Re: Deleting variables by varnum

MichaelD · Posted 06-16-2010 12:49 PM

Ok, I have a lot variables and I need to delete more then half of them.

Unfortunately, very few are sequential (ie X1-X10) very few are grouped together (211=varnum(dataset,varnameA), 212=varnum(dataset,varnameB,... 236=varnum(dataset,varnameZ)) and then there are just a bunch all over the place.

I wrote a little macro (see end of post) that works for the cases where the variables are grouped so when I have a few separate clusters a can delete them pretty easily. Of course it can also keep lists of variables just as easily.
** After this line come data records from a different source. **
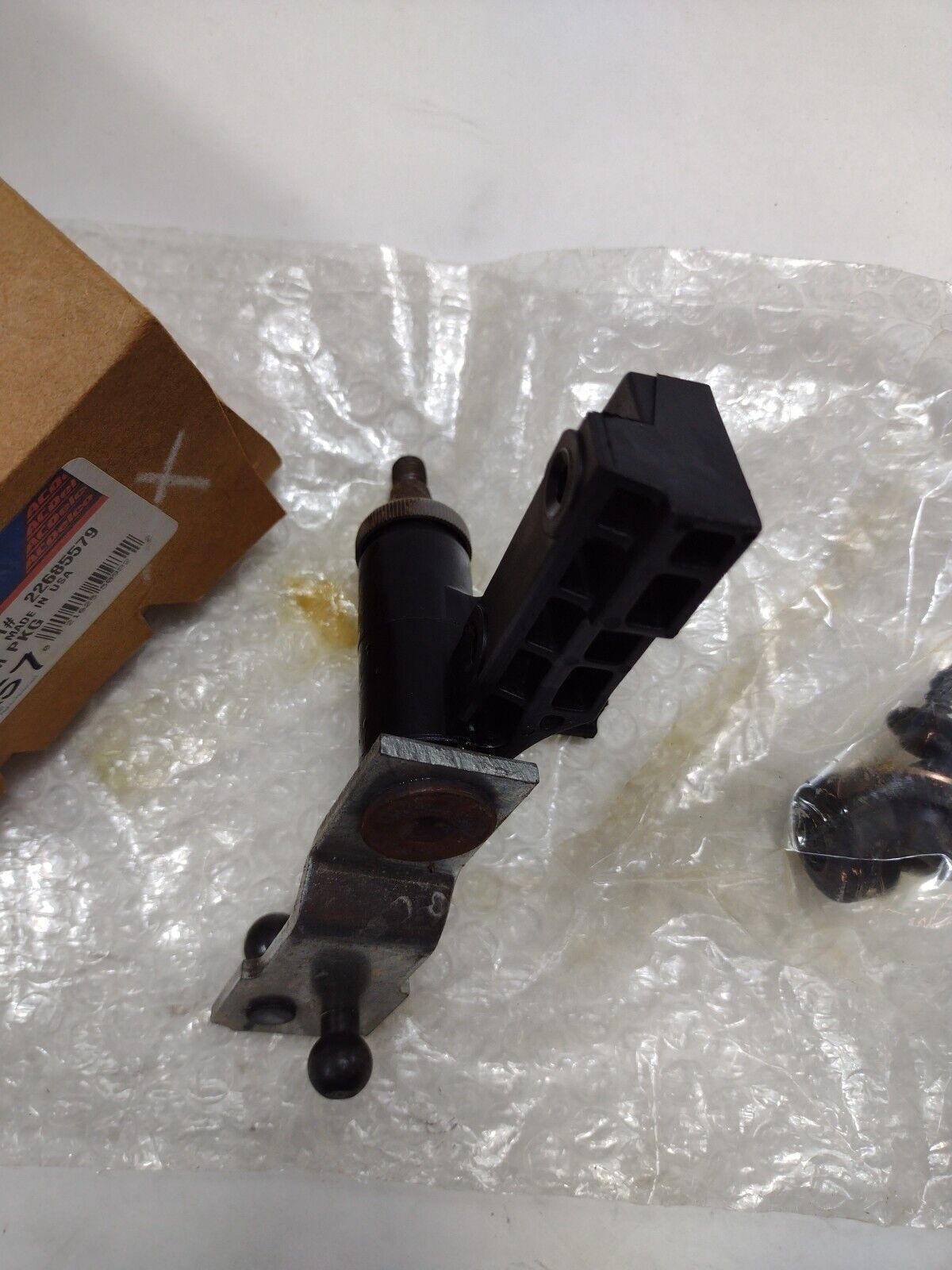 Genuine OEM GM Windshield Wiper Transmission Assy 22685579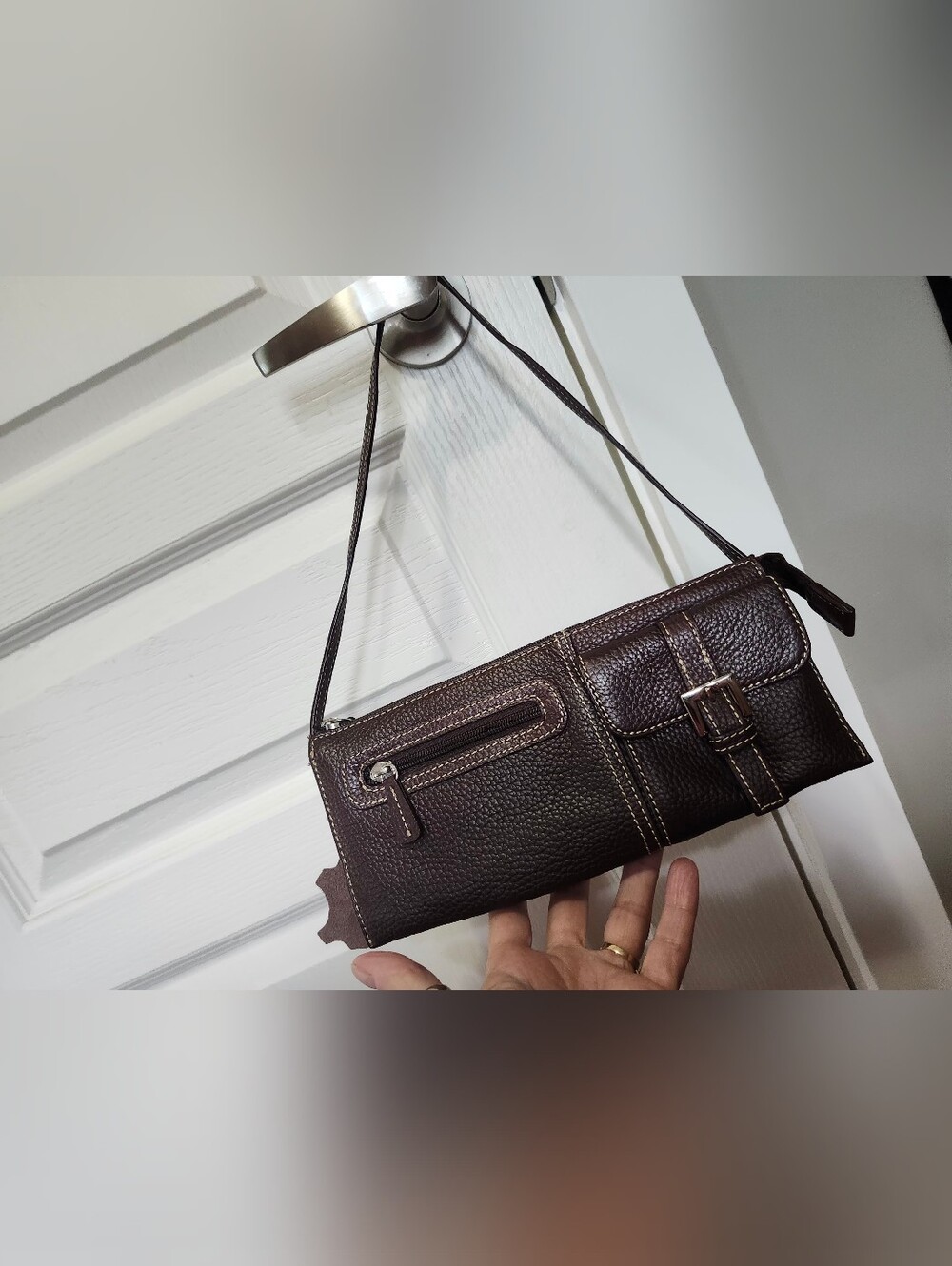 New Vtg Apostrophe Brown Leather Baguette Shoulder Bag. In Brown.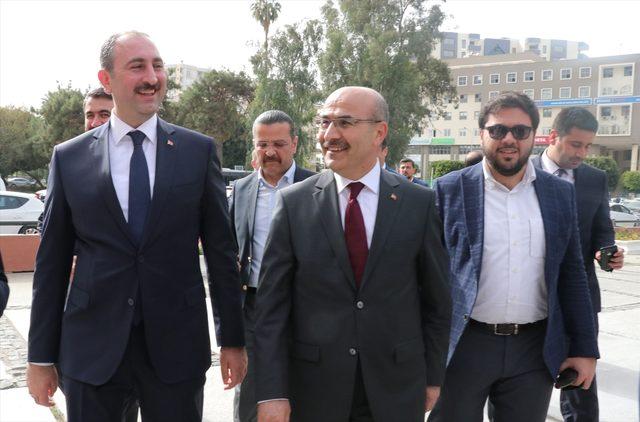 Adalet Bakanı Gül, Adana'da<br />
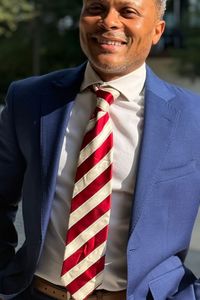 Image of Kelly Esti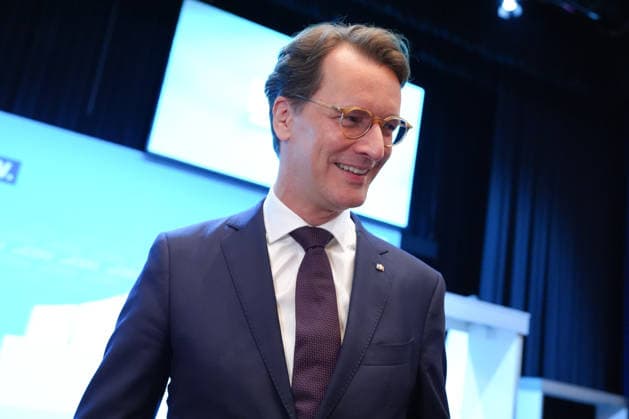 Landesparteitag der CDU NRW in Duesseldorf Hendrik Wuest, Ministerpraesident des Landes Nordrhein-Westfalen beim Landesparteitag der CDU Nordrhein-Westfalen im Maritim Hotel, Duesseldorf, 04.07.2026 Duesseldorf NRW Deutschland *** CDU North Rhine-Westphalia State Party Convention in Düsseldorf Hendrik Wuest, Minister President of North Rhine-Westphalia, at the CDU North Rhine-Westphalia State Party Convention at the Maritim Hotel, Düsseldorf, July 4, 2026 Düsseldorf, North Rhine-Westphalia, Germany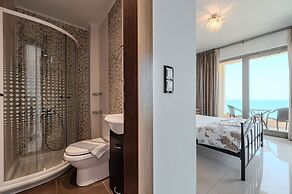 Artemis beachfront Villa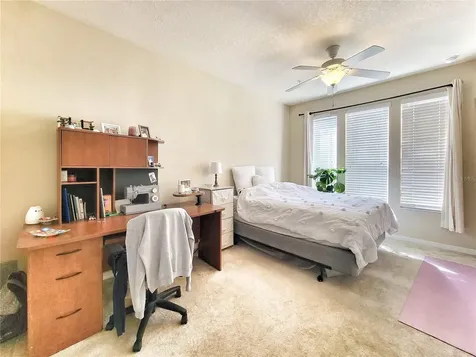 1185 SW 9th Road Gainesville FL 32601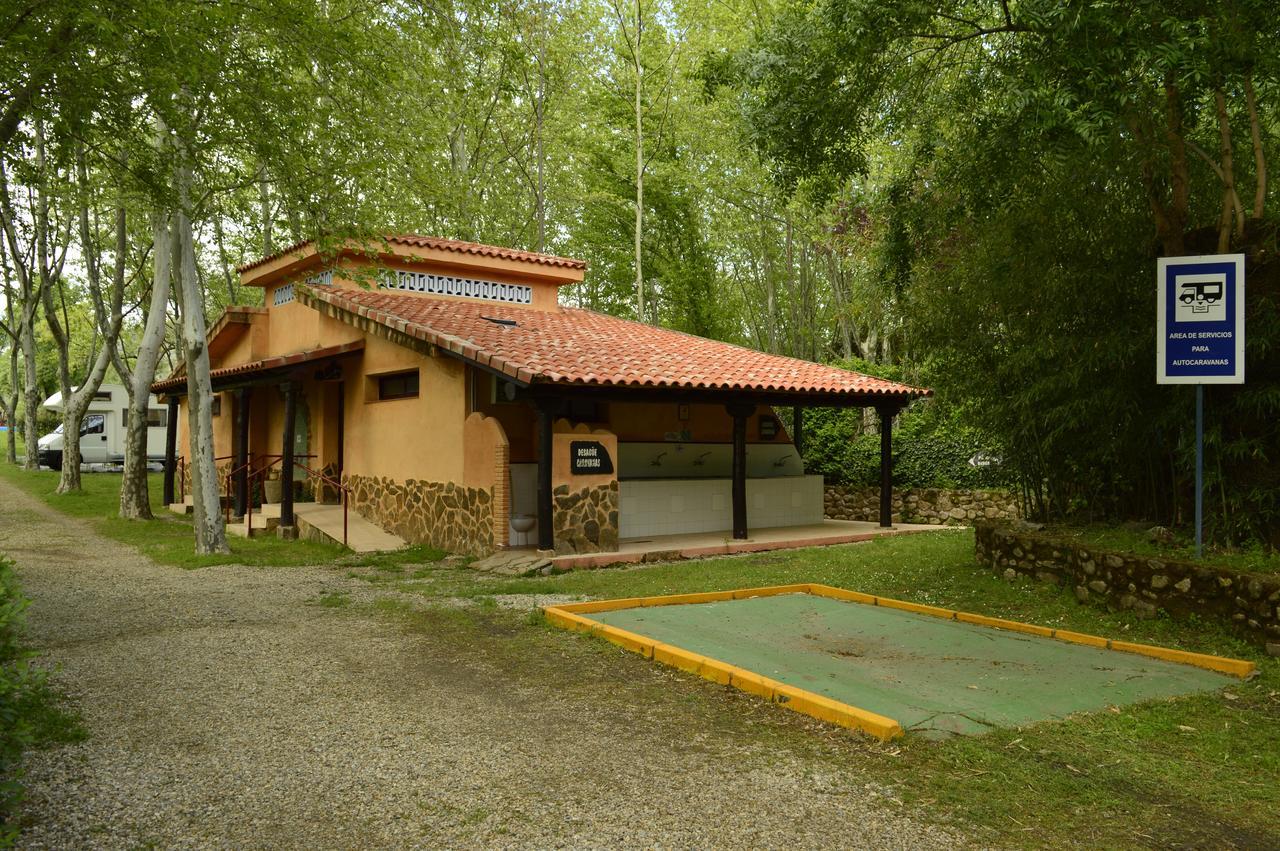 Camping El Pinajarro Hervás Kültér fotó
I'm hoping to make some changes so I can delete the variables all over the place easily.
The current macro is:

%macro VarList(DATASET,SEP,i=,n=);

proc sql;
create table VarListVars as
select varnum, name
from dictionary.columns
where memname = &DATASET.;
quit;

/* maybe this can be done inside the proc sql also*/
data VarListTemp;
set VarListVars(firstobs=&i obs=&n);
run;

%global VarList;

proc sql noprint;
select name into :VarList separated by &SEP
from VarListTemp;
quit;

/*EDIT:I guess I should add something to delete my temp datasets but I'm not too worried about that at this point*/

%mend VarList;

%VarList('dataset',' ',i=211,n=236);

Then I use
data datasetB;
set dataset;
drop/keep/(if with sep='=0 | ')/whatever &VarList;
run;

I'd like to be able to use a vector of varnums. Like change the macro to accept v={1,10,38...,all integers from 211 to 236,... 525 to 538,...} instead of i,n

Thanks Message was edited by: MichaelD

Cynthia_sas · Posted 06-16-2010 01:40 PM

Hi:
FIRSTOBS and OBS are not references to variable values or variable names. FIRSTOBS and OBS allow you to select observations or rows from the data. So, for example, if you do this:
[pre]
%let i = 15;
%let n = 17;
proc print data=sashelp.class(firstobs=&i obs=&n);
title "Firstobs=&i and obs=&n";
run;
[/pre]

Then, PROC PRINT will start selecting rows or observations with ROW 15 and will continue to select observations until the OBS= value is reached (in this case, ROW 17). This means that PROC PRINT will disply rows 15, 16 and 17 from SASHELP.CLASS.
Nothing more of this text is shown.